Pinecone is a Databases MCP server that lets Claude Code, Cursor, Windsurf and any MCP-compatible AI agent vector database for AI embeddings. Install in 1 minute with mcpizy install pinecone.
Databases
Vector database for AI embeddings
Official homepagemcpizy install pineconenpx -y pinecone-mcplist_indexesList all Pinecone indexes
create_indexCreate a new index
Inputs
namestringrequireddimensionnumberrequiredmetricstringoptionalupsert_vectorsInsert or update vectors into an index
Inputs
index_namestringrequiredvectorsobject[]requiredquery_vectorsQuery nearest vectors to an input
Inputs
index_namestringrequiredvectornumber[]requiredtop_knumberoptionaldelete_vectorsDelete vectors by ID
Inputs
index_namestringrequiredidsstring[]requiredWorks identically across clients. Only the config file path differs.
~/.claude.json{
"mcpServers": {
"pinecone": {
"command": "npx",
"args": [
"-y",
"@pinecone-database/mcp"
],
"env": {
"PINECONE_API_KEY": "..."
}
}
}
}.cursor/mcp.json{
"mcpServers": {
"pinecone": {
"command": "npx",
"args": [
"-y",
"@pinecone-database/mcp"
],
"env": {
"PINECONE_API_KEY": "..."
}
}
}
}~/.codeium/windsurf/mcp_config.json{
"mcpServers": {
"pinecone": {
"command": "npx",
"args": [
"-y",
"@pinecone-database/mcp"
],
"env": {
"PINECONE_API_KEY": "..."
}
}
}
}Copy your API key from the Pinecone console
PINECONE_API_KEYPaste any of these prompts into Claude Code, Cursor or another MCP-compatible client.
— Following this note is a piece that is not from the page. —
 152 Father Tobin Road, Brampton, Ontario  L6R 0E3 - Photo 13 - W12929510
“List every index I have and their dimension”
Uses: list_indexes
“Create a 1536-dim index named 'docs' for OpenAI embeddings”
Uses: create_index
“Find the 5 most similar vectors to this embedding in my 'docs' index”
Uses: query_vectors
If Pinecone doesn't fit your stack, these Databases MCP servers solve similar problems.
The Pinecone MCP server is an Databases Model Context Protocol server that lets Claude Code, Cursor, Windsurf, VS Code with Copilot, and other MCP-compatible AI agents vector database for AI embeddings. It exposes Pinecone's capabilities as tools the AI can call directly from your editor or CLI.
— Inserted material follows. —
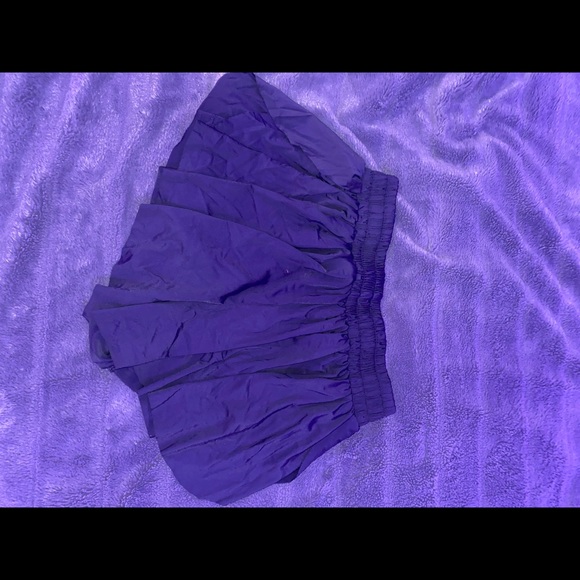 Running shorts - Picture 3 of 4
The fastest way is the MCPizy CLI: run `mcpizy install pinecone` and MCPizy will add the server to your `.claude.json` automatically. You can also install it manually by adding an entry under `mcpServers` in `.claude.json` with the command `npx -y pinecone-mcp` and restarting Claude Code.
Yes. The Pinecone MCP server is free and open source. You may still need a Pinecone account or API key to connect the server to the underlying service, but the MCP layer itself has no MCPizy subscription cost.
Yes. Any MCP-compatible client works — including Claude Code, Claude Desktop, Cursor (via `.cursor/mcp.json`), Windsurf, VS Code with Copilot Chat, and custom agents built on the MCP SDK. The same install command targets all of them; only the config file path differs.
Once installed, your AI agent can vector database for AI embeddings directly inside your conversation. Typical use cases include asking Claude Code or Cursor to run Pinecone operations, inspect results, chain Pinecone with other MCP servers (see our Workflow Recipes), and automate repetitive databases tasks without leaving your editor.